TDengine Flink Connector
Apache Flink is an open-source distributed stream batch integrated processing framework supported by the Apache Software Foundation, which can be used for many big data processing scenarios such as stream processing, batch processing, complex event processing, real-time data warehouse construction, and providing real-time data support for machine learning. At the same time, Flink has a wealth of connectors and various tools that can interface with numerous different types of data sources to achieve data reading and writing. In the process of data processing, Flink also provides a series of reliable fault-tolerant mechanisms, effectively ensuring that tasks can run stably and continuously even in the event of unexpected situations.

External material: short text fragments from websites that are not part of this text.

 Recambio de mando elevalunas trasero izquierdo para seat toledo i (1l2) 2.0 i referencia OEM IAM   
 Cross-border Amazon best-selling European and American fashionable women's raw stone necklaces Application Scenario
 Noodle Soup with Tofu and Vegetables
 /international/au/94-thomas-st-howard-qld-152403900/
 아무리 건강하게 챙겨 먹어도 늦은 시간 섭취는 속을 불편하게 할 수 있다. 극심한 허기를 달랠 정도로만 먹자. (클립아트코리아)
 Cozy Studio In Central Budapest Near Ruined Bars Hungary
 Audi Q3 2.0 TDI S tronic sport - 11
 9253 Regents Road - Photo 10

With the help of TDengine's Flink connector, Apache Flink can seamlessly integrate with the TDengine database. On the one hand, it can accurately store the results obtained after complex calculations and deep analysis into the TDengine database, achieving efficient storage and management of data; On the other hand, it is also possible to quickly and stably read massive amounts of data from the TDengine database, and conduct comprehensive and in-depth analysis and processing on this basis, fully tapping into the potential value of the data, providing strong data support and scientific basis for enterprise decision-making, greatly improving the efficiency and quality of data processing, and enhancing the competitiveness and innovation ability of enterprises in the digital age.
Prerequisites
Prepare the following environment:
- TDengine cluster has been deployed and is running normally (both enterprise and community versions are available)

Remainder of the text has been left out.